Еще она любила березовую рощу, находившуюся недалеко от Успенского шоссе: только березы, все примерно одного возраста, почти без подлеска, без единого другого дерева, занимающие большой участок и дающие впечатление светящейся белизны. Впервые я свезла туда Анну Андреевну осенью, потом была долгая зима, и вот весной мы снова туда приехали, и, увидев рощу, Анна Андреевна сказала: «Так она есть? Она существует? А мне все казалось, что это был сон».


Наталия Александровна Роскина:

Анна Андреевна любила путешествовать, бывать в новых местах и советовала мне: «Нет ничего более полезного для нервов, чем побывать там, где никогда не был».


Анатолий Генрихович Найман:

Она любила лето и зиму — за устойчивость, определенность, а весну и осень недолюбливала — за непостоянство, «переходность», хотя московская весна — жаркая, грязная, стремительно обрушивающаяся на город — всегда была ей очень по душе.


Михаил Борисович Мейлах:

Говорили о наркомании, к которой Анна Андреевна, естественно, не могла относиться с симпатией.

— Когда у меня был инфаркт, — сказала она, — в больнице мне целый месяц делали уколы морфия.

Я спросил, сопровождалось ли это какими-нибудь приятными видениями.

— Ничего приятного в них не было, — отвечала Анна Андреевна. — Ну, раз увидела у себя на постели кошку. «Зачем мне кошка?»


Иосиф Александрович Бродский. Из бесед с Соломоном Волковым:

Волков. …Сотворять легенды было вполне в ее характере. Или я неправ?

Бродский. Нет, она, наоборот, любила выводить все на чистую воду. Хотя есть легенды — и легенды. Не все легенды были ей неприятны.
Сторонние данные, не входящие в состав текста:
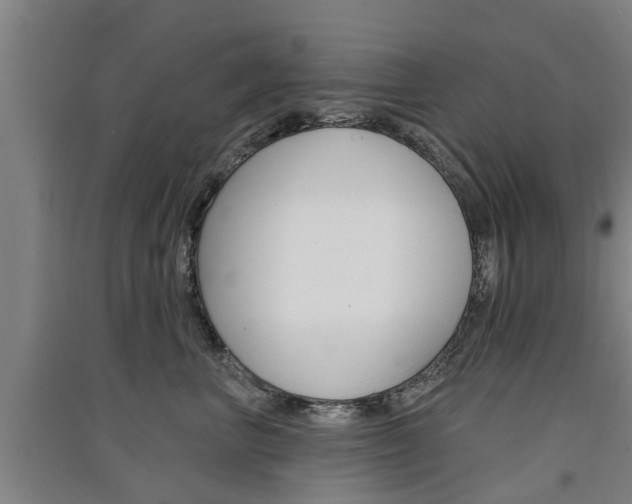 X0000091510667200708170950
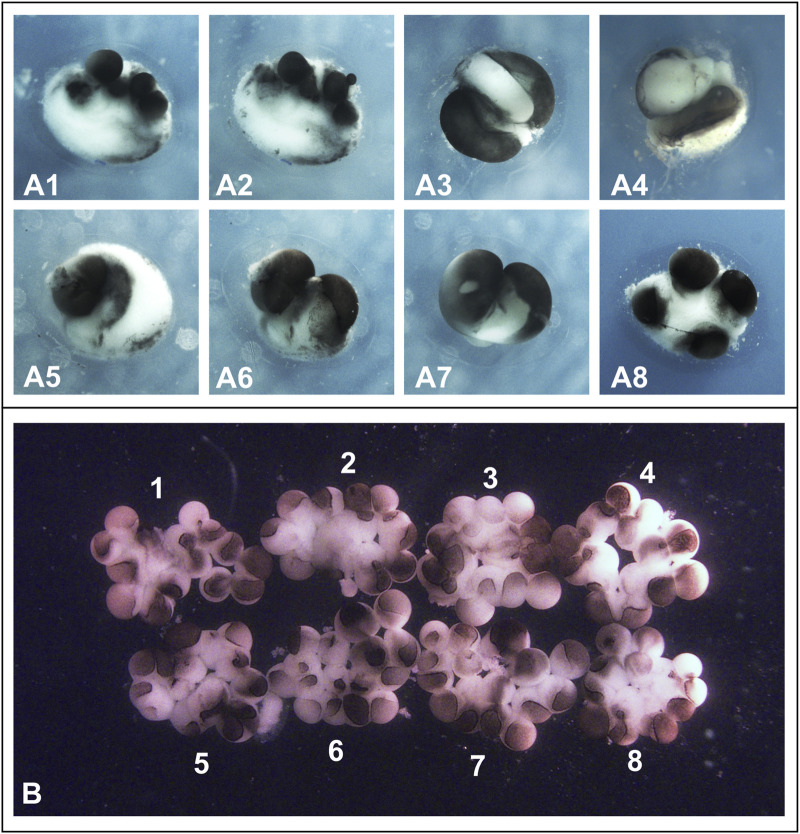 FIGURE 3
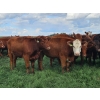 Image 2 : C.O. Johnson & Sons Ranches - 915# September Delivery Grass Heifers - 100 Head (Scandia, AB)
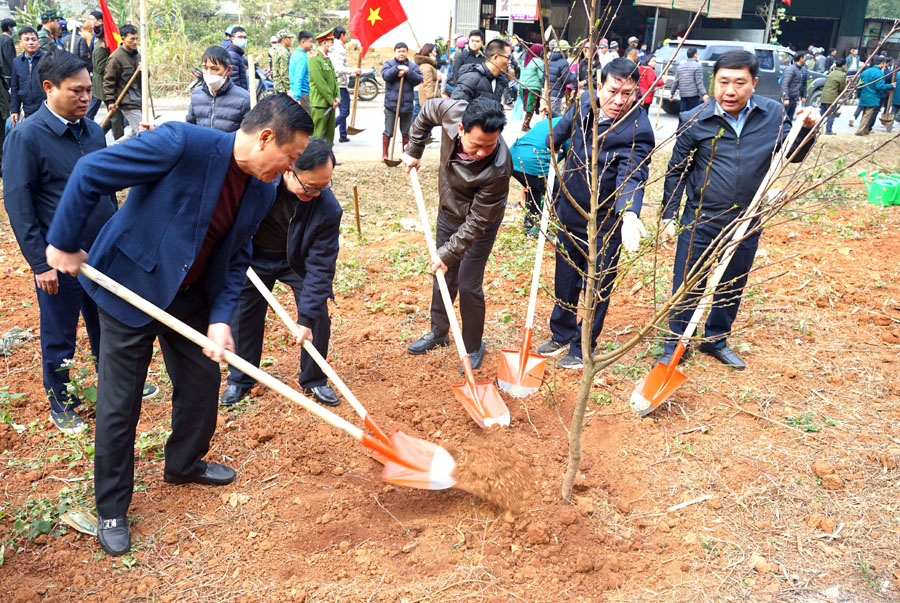 Bí thư Tỉnh ủy Đặng Quốc Khánh cùng các đồng chí lãnh đạo tỉnh và đoàn công tác hưởng ứng Tết trồng cây tại xã Cán Tỷ, huyện Quản Bạ.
И все же темнить Анна Андреевна не любила.


Игнатий Михайлович Ивановский:

…Я невольно боковым зрением наблюдал, с какой убежденностью и тончайшим искусством творила Ахматова собственную легенду — как бы окружала себя сильным магнитным полем. В колдовском котле постоянно кипело зелье из предчувствий, совпадений, собственных примет, роковых случайностей, тайных дат, невстреч, трехсотлетних пустяков. Было там и многое другое, о чем сказала сама Ахматова:

Когда б вы знали, из какого сора

Растут стихи, не ведая стыда…




Отношение к еде

Игнатий Михайлович Ивановский:

Известны ее слова, сказанные о далекой молодой поре: «Еду мы варили редко — нечего было и не в чем». А в моей памяти появляется стакан чаю, который чаем можно назвать только условно — несколько чаинок в чуть подкрашенном кипятке, и вазочка с тремя печеньями известной марки «Печенье к чаю». Располневшая рука пожилой женщины указывает на все это с неторопливым радушием, и голос Ахматовой произносит:

— Угощайтесь, пожалуйста.

А ведь это уже поздняя пора, последнее десятилетие ее жизни.
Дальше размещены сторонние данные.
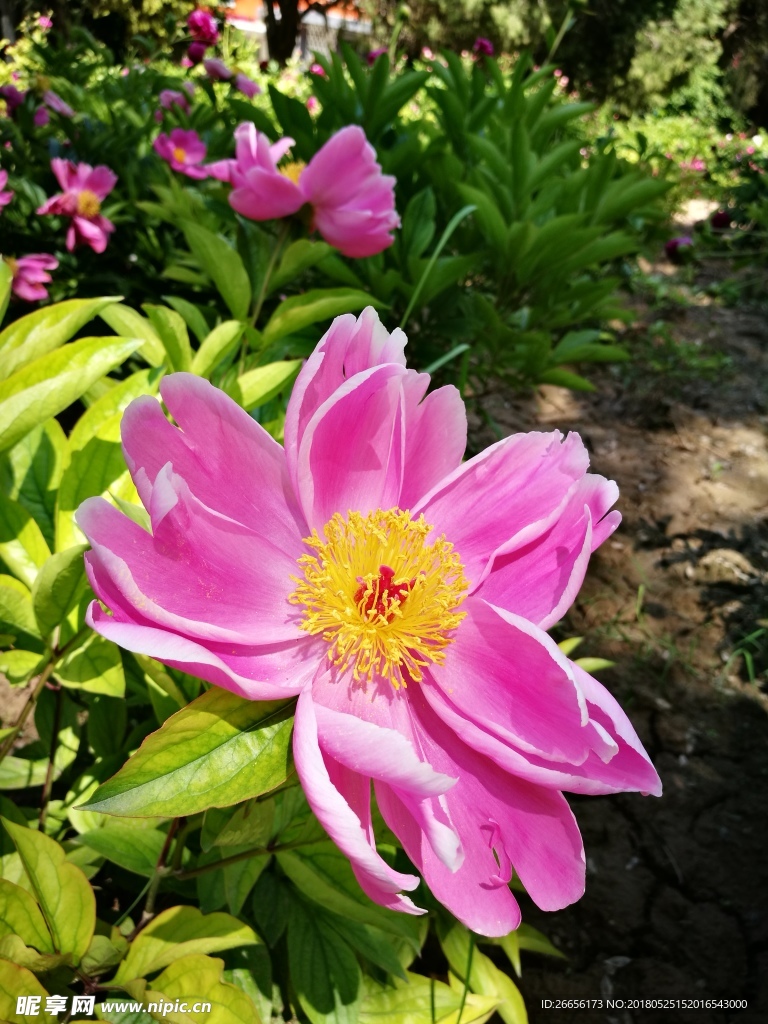 芍药花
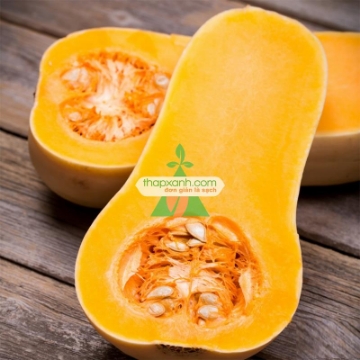 Ảnh của Hạt giống Bí Ngô hồ lô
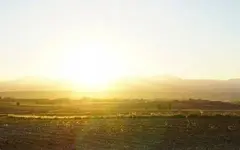 Sin título.webp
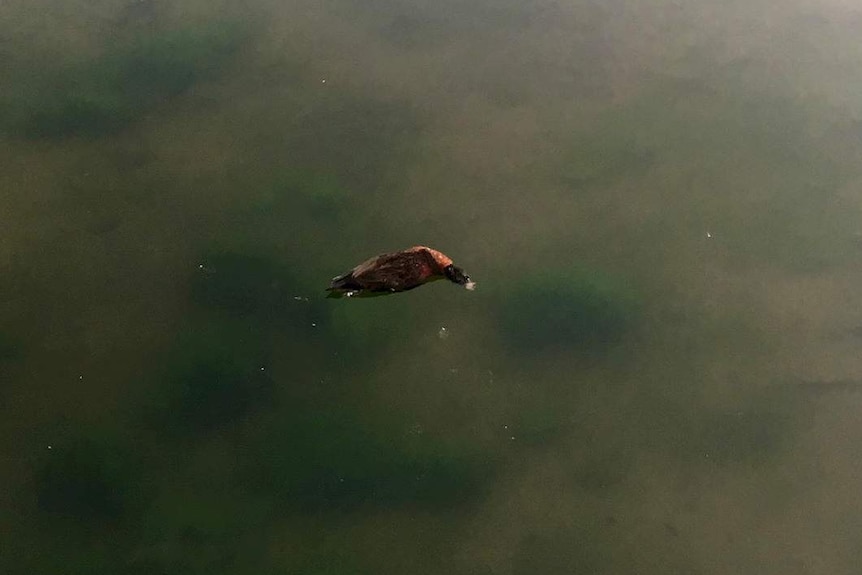 a dead duck floats on a lake in Warrnambool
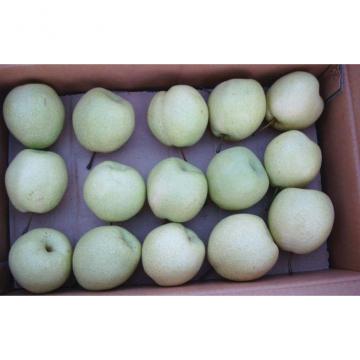Apple Pears / Fresh Pear Sweet And Sour Moderate Containing Vitamin C E K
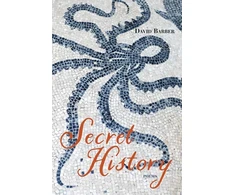 KNYGA David Barber Secret History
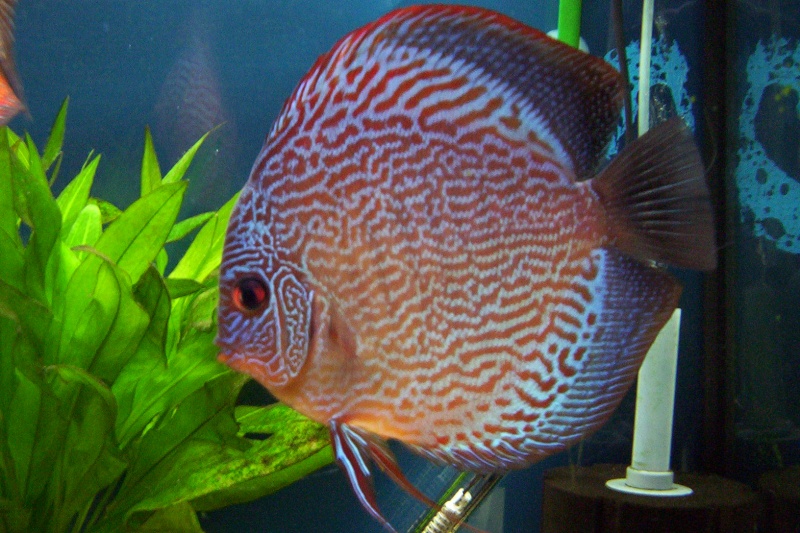 Show us your tanks ------ Discus14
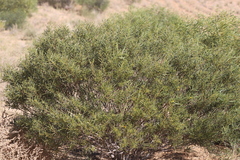 Acacia ligulata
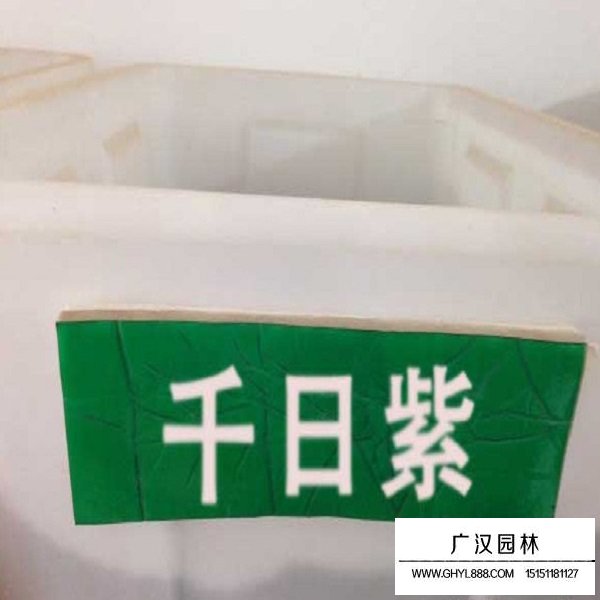 千日紫種子(圖3)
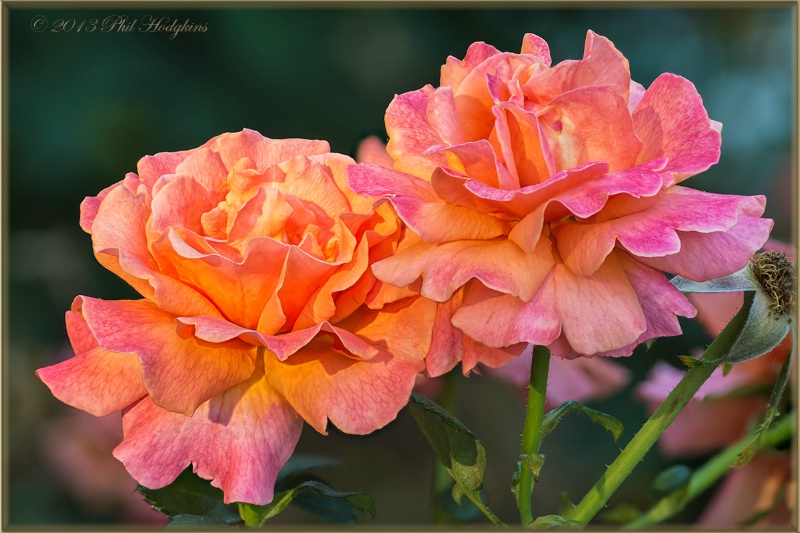 Hybrid Te Roses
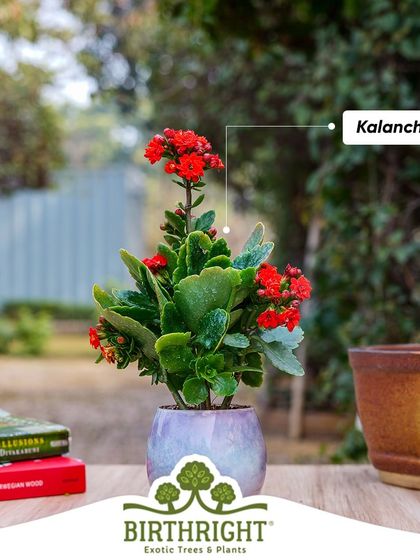 Add a pop of vibrant red to your garden or home with the Kalanchoe. This cheerful flowering plant is easy to care for and produces long lasting blooms that brighten any environment.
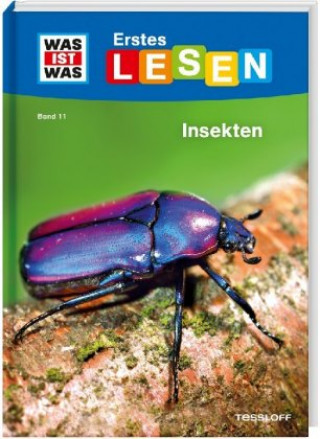 Kniha WAS IST WAS Erstes Lesen Band 11. Insekten Christina Braun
Дела могли идти немного лучше или много хуже, но отношение к еде, одежде, утвари всегда оставалось одним и тем же. Все это роли не играло.


Наталия Александровна Роскина:

Потом мы шли на кухню, Анна Андреевна накладывала в глубокие тарелки вареную картошку и кислую капусту — не помню, чтобы хоть раз у нее было что-то еще.


Анатолий Генрихович Найман:

Женщина, впустившая меня в квартиру, внесла блюдечко, на котором лежала одинокая вареная морковка, неаккуратно очищенная и уже немного подсохлая. Может быть, такова была диета, может быть, просто желание Ахматовой или следствие запущенного хозяйства, но для меня в этой морковке выразилось в ту минуту ее бесконечное равнодушие — к еде, к быту, чуть ли не аскетичность, и одновременно ее неухоженность, и даже ее бедность.


Анна Анаксагорова:

Анна Андреевна как-то сказала мне, что любит пшенную кашу с тыквой.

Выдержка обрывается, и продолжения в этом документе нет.